GREENBELT, Md. (AP) — A former Canadian Armed Forces reservist plotted with other members of a white supremacist group to carry out “essentially a paramilitary strike” at a Virginia gun rights rally, a federal prosecutor said Wednesday.
U.S. Magistrate Judge Timothy Sullivan agreed to keep Patrik Mathews, 27, detained in federal custody pending a Jan. 30 preliminary hearing.
Mathews leaned back in his chair and quietly laughed when the magistrate read aloud a transcript of a video in which the Canadian national advocated for killing people, poisoning water supplies and derailing trains.
“This is a very dangerous person,” the magistrate said during Mathews’ detention hearing in Maryland. “He espouses very dangerous beliefs.”
Mathews and two other men were arrested last Thursday on federal felony charges in Maryland and Delaware, just days before they were believed to be headed to a pro-gun rally in Virginia’s capital. Federal prosecutors said in a court filing Tuesday that a hidden camera captured the men discussing “the planning of violence” at the rally and expressed hope that bloodshed could start a civil war. Monday’s event had attracted tens of thousands of people and ended peacefully.
“This is a domestic terrorist investigation,” Assistant U.S. Attorney Thomas Windom said Wednesday.
Defense attorney Joseph Balter said Mathews may have used “alarming” and “outrageous” language in conversations captured on video at a Delaware home in the days leading up to the rally. But Balter said his client’s statements are protected by the First Amendment as free speech and did not reflect any specific plans for violence.
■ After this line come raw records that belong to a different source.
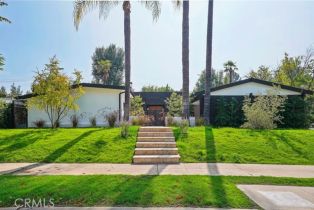 Single Family Residence, 23244 Bigler ST, Woodland Hills, CA  Woodland Hills, CA 91364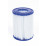 Piscină cu cadru Bestway Steel Pro Max 56709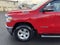 2022 RAM RAM 1500 BIG HORN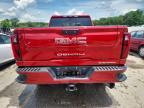 2024 GMC Sierra K2500 Denali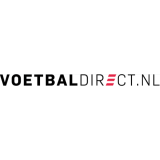 VoetbalDirect logo
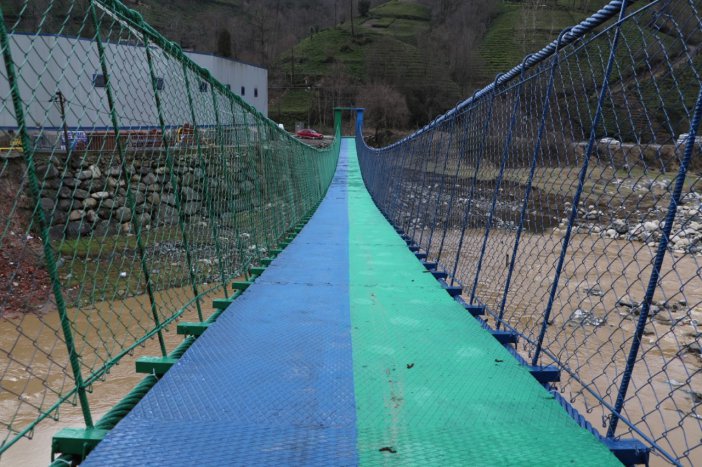 rize-asma-kopru-12.jpg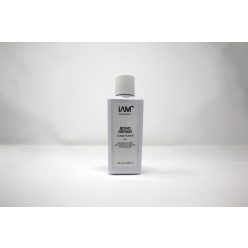 BOND REPAIR Conditioner Balzsam 100ml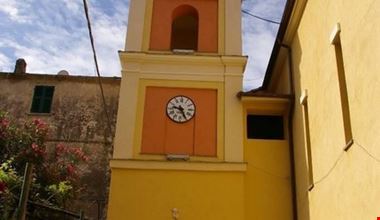 1495_8.jpg 1495_8.jpg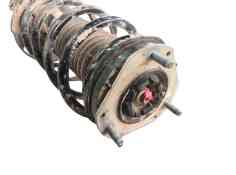 Recambio de amortiguador delantero derecho para ford ecosport 1.0 ecoboost referencia OEM IAM  GN1518045M3C EV1H1101 2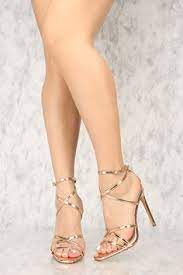 660 Shoes Ideas In 2022 Me Too Shoes Shoe Boots Shoes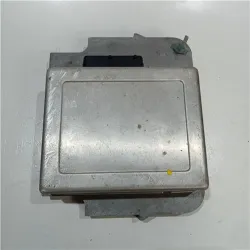Recambio de centralita cambio automatico para volvo s40 berlina (2003) 2.0 d referencia OEM IAM P30631895  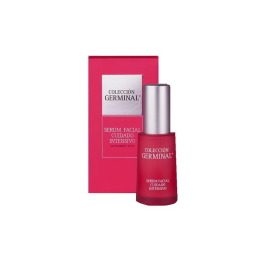 Germinal Colección Sérum Facial 30ml | HogarLider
“One man’s domestic terrorist can be another man’s exercise of his First Amendment rights,” Balter said.
Windom said the men were preparing for a civil war when they packed up food and other supplies that they apparently intended to use during and after the Virginia rally.
“Mr. Mathews was not arrested for violating the First Amendment of the Constitution,” Windom said.
Another man who was arrested, Brian Mark Lemley Jr., waived his right to a detention hearing. A third defendant, William Garfield Bilbrough IV, is expected to appear in court at separate detention hearing Wednesday.
A closed-circuit television camera and microphone installed by investigators in a Delaware home captured Mathews talking about the Virginia rally as a “boundless” opportunity, prosecutors said.
“And the thing is you’ve got tons of guys who … should be radicalized enough to know that all you gotta do is start making things go wrong and if Virginia can spiral out to … full blown civil war,” he said.
Lemley talked about using a thermal imaging scope affixed to his rifle to ambush unsuspecting civilians and police officers, prosecutors said.
“I need to claim my first victim,” Lemley said on Dec. 23, according to Tuesday’s detention memo.
“We could essentially like be literally hunting people,” Mathews said, according to prosecutors. “You could provide overwatch while I get close to do what needs to be done to certain things.”
FBI agents arrested Mathews, Lemley and Bilbrough as part of a broader investigation of The Base. Authorities in Georgia and Wisconsin also arrested four other men linked to the group.
Mathews and Lemley are charged with transporting a firearm and ammunition with intent to commit a felony. Bilbrough is charged with “transporting and harboring aliens.”
Bilbrough’s attorney, Robert Bonsib, said last Thursday that he was “underwhelmed” by a prosecutor’s arguments for keeping his client detained. Bilbrough was the only one of the three men not facing a firearms-related charge.